Image-caption web data:
BEGIN
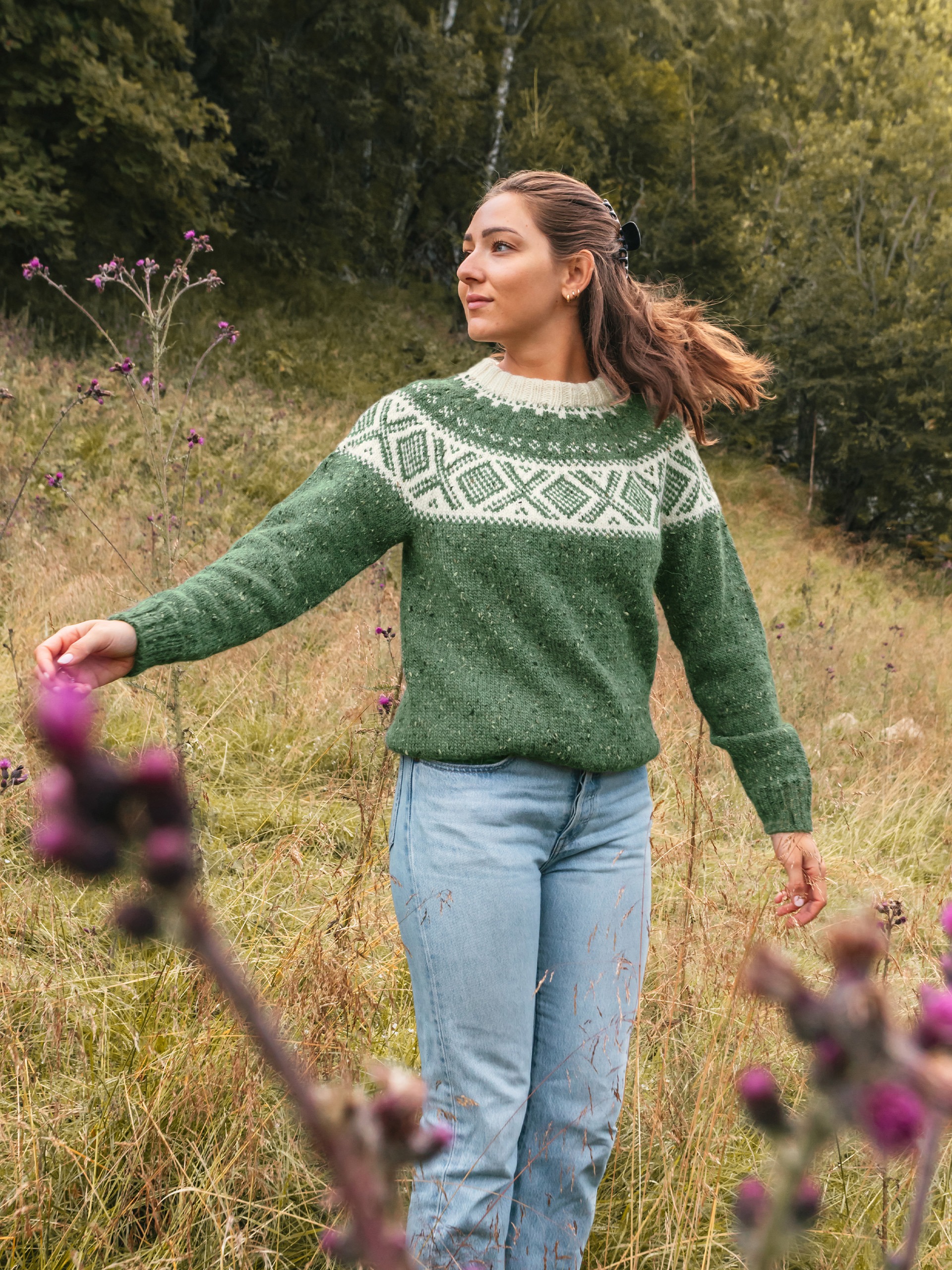 111-16i Cortina unisex genser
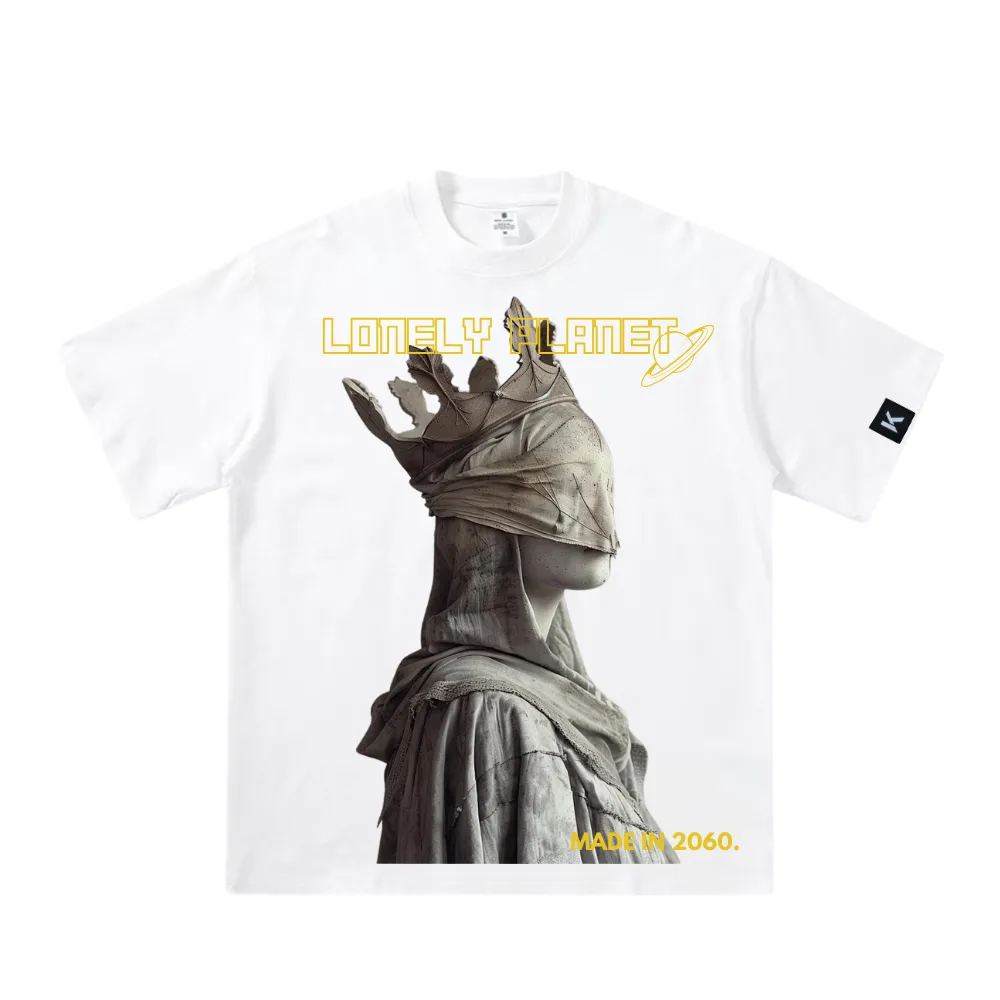 LONELY PLANET Desert Saints 'Masked Messenger ‘T-shirt (Santarian)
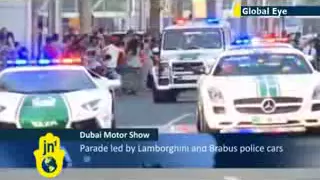 Dubai luxury car parade: USD 130 million worth of supercars on show in bling bling Gulf state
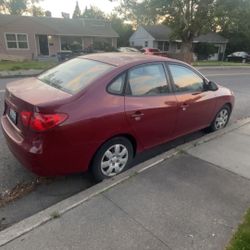 Car With Minor Problem. 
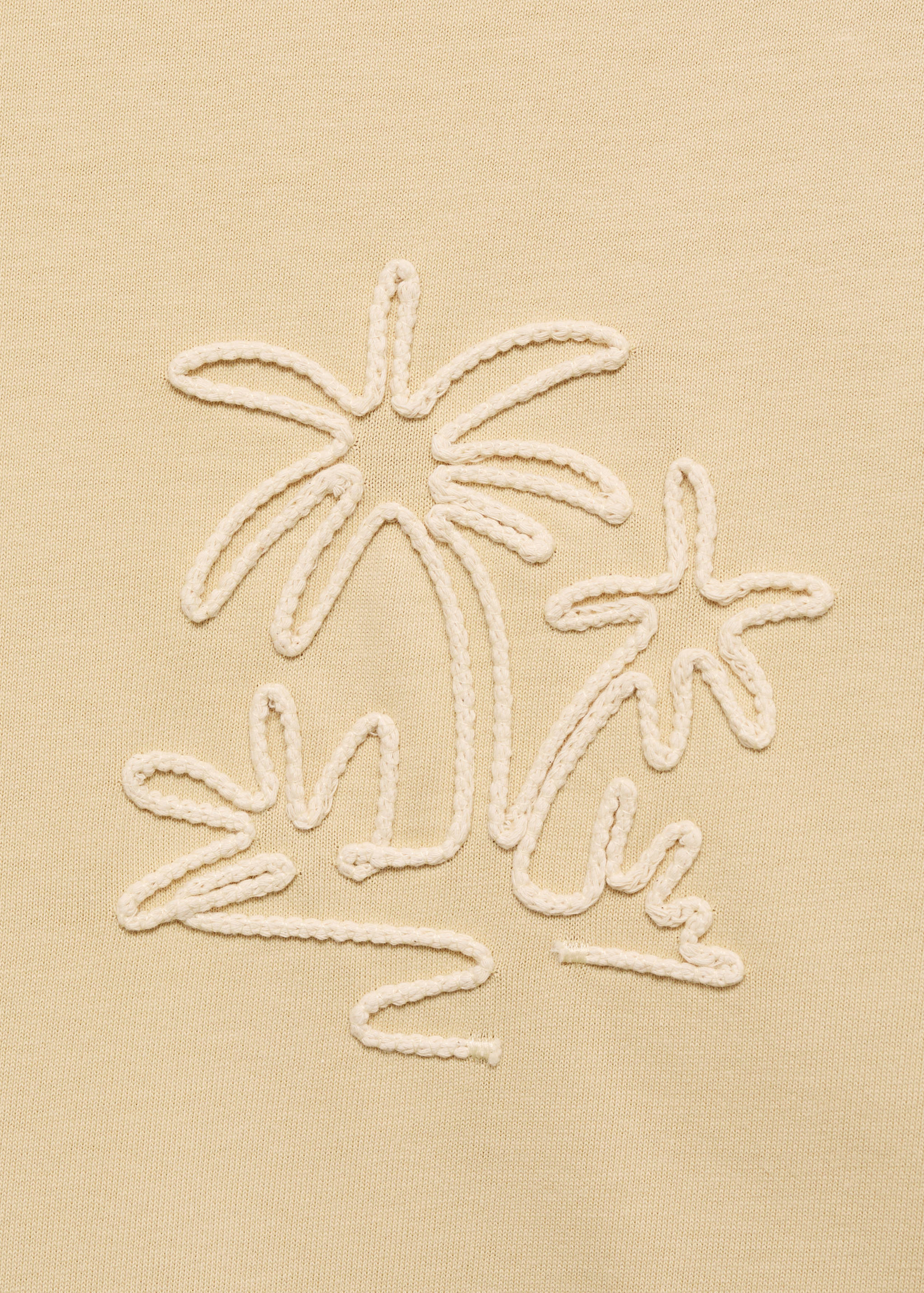 T-shirt coton relaxed-fit - Détail de l'article 8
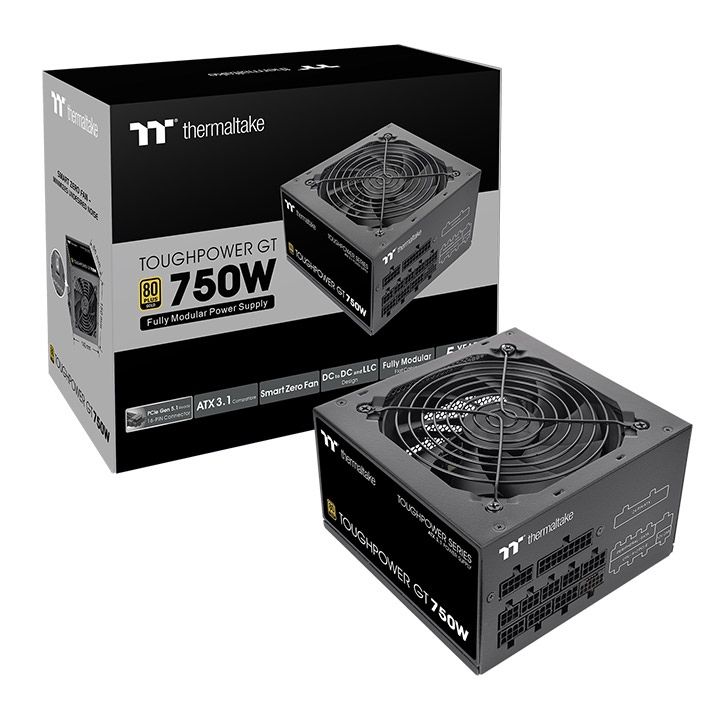 Thermaltake 750W 80+ Gold Toughpower GT (PS-TPT-0750FNFAGE-3)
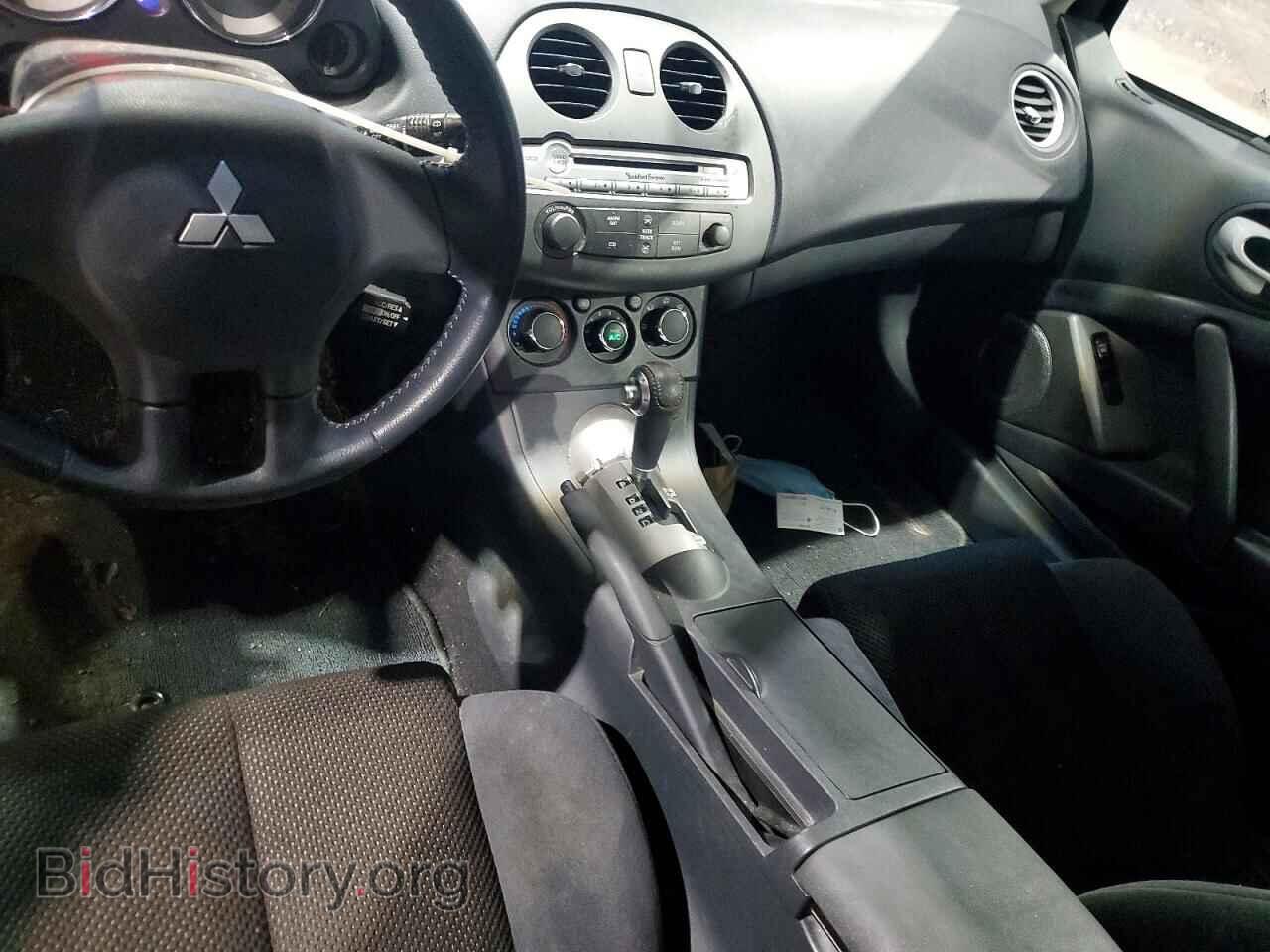 2008 MITSUBISHI ECLIPSE - VIN: 4A3AK34T98E005388 - Photo 8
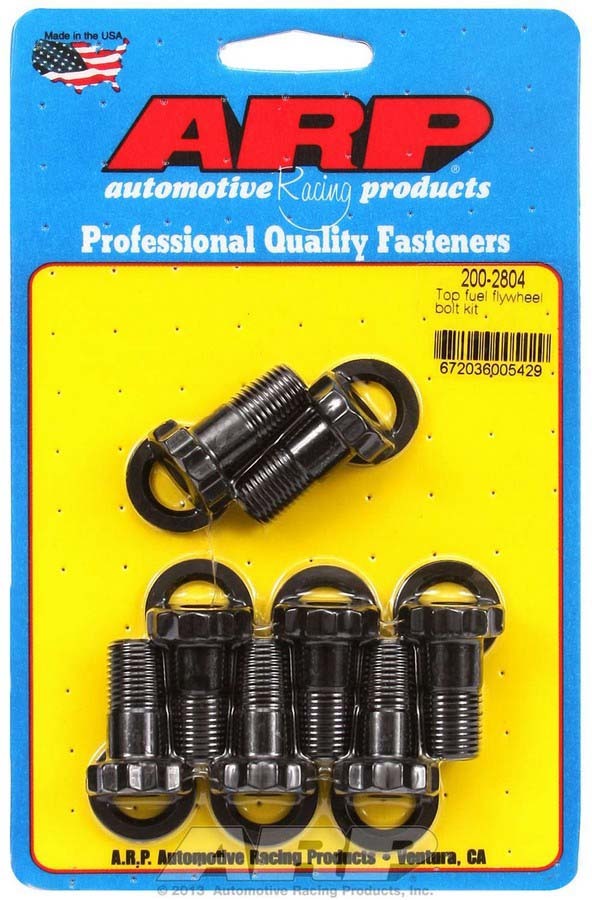 Top Fuel Flywheel Bolt Kit - 2002804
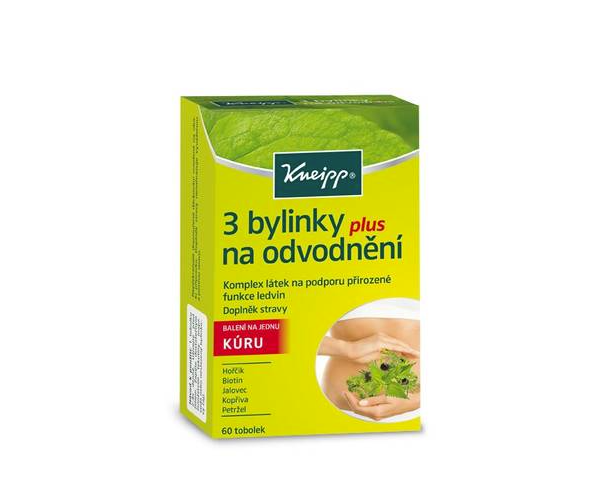 KNEIPP 3 bylinky na odvodnění tob.60 - lékárna s rozvozem po Ostravsku a Těšínsku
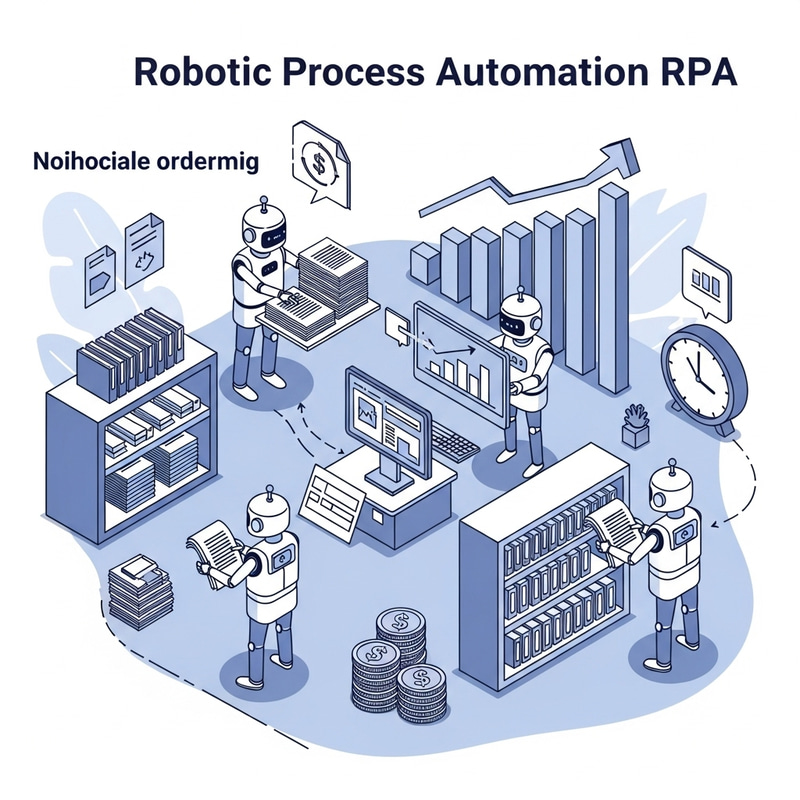 Efficient Robotic Process Automation Implementation: Strategies & Benefits Efficient Robotic Process Automation Implementation: Strategies & Benefits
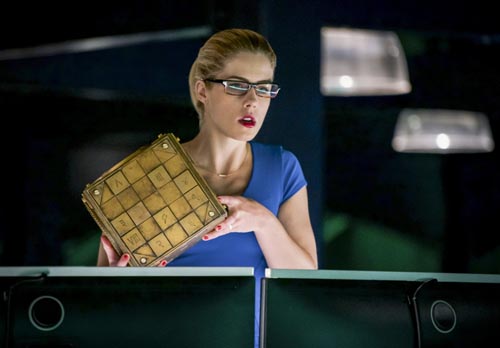 Bett Rickards, Emily [Arrow] Photo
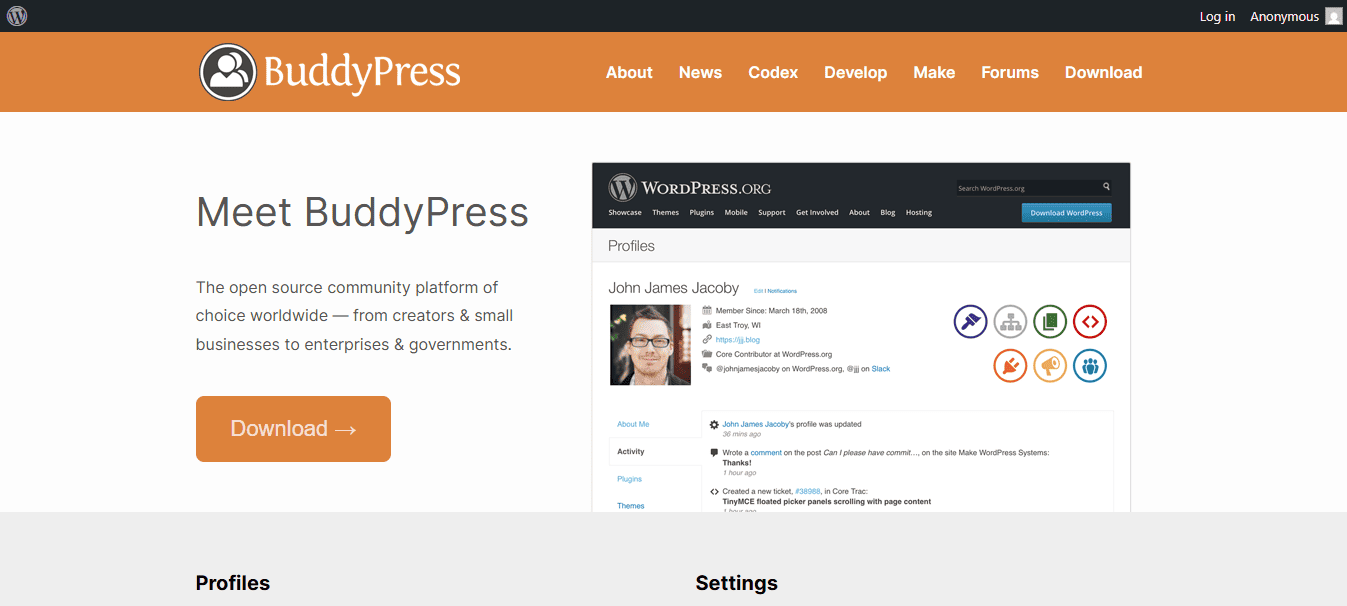 BuddyPress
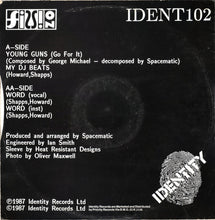 Load image into Gallery viewer, Fission (2) : Young Guns / Word (12&quot;, Single)
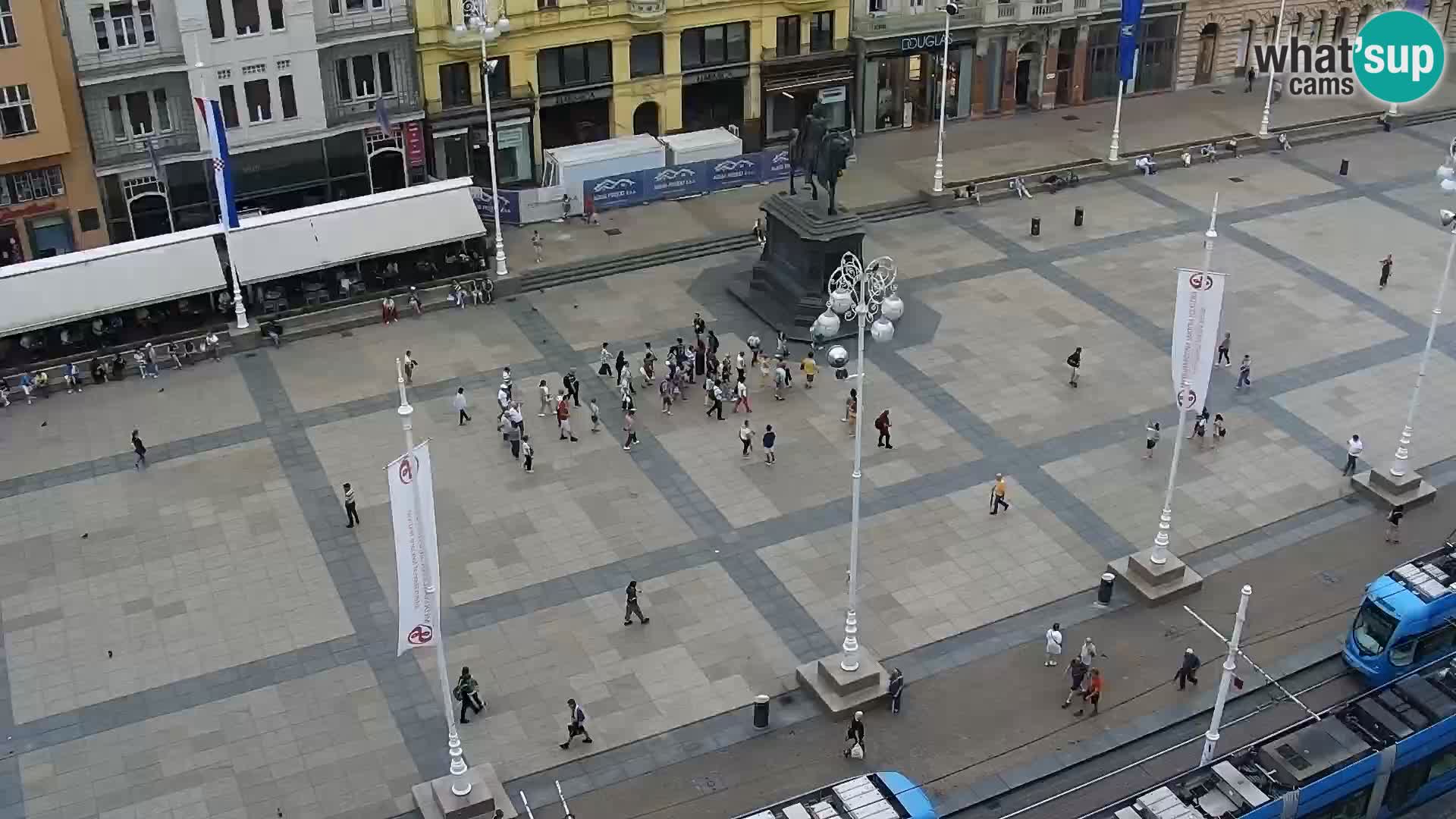 Webcam Zagreb – Carré Ban Jelačić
END
▸ Activity:
Transcribe exactly the span of lines that opens with the line holding "2008 MITSUBISHI ECLIPSE" and closes with the last line of the entries above. Omit pictures.

▸ Result of the task:
 2008 MITSUBISHI ECLIPSE - VIN: 4A3AK34T98E005388 - Photo 8
 Top Fuel Flywheel Bolt Kit - 2002804
 KNEIPP 3 bylinky na odvodnění tob.60 - lékárna s rozvozem po Ostravsku a Těšínsku
 Efficient Robotic Process Automation Implementation: Strategies & Benefits Efficient Robotic Process Automation Implementation: Strategies & Benefits
 Bett Rickards, Emily [Arrow] Photo
 BuddyPress
 Load image into Gallery viewer, Fission (2) : Young Guns / Word (12&quot;, Single)
 Webcam Zagreb – Carré Ban Jelačić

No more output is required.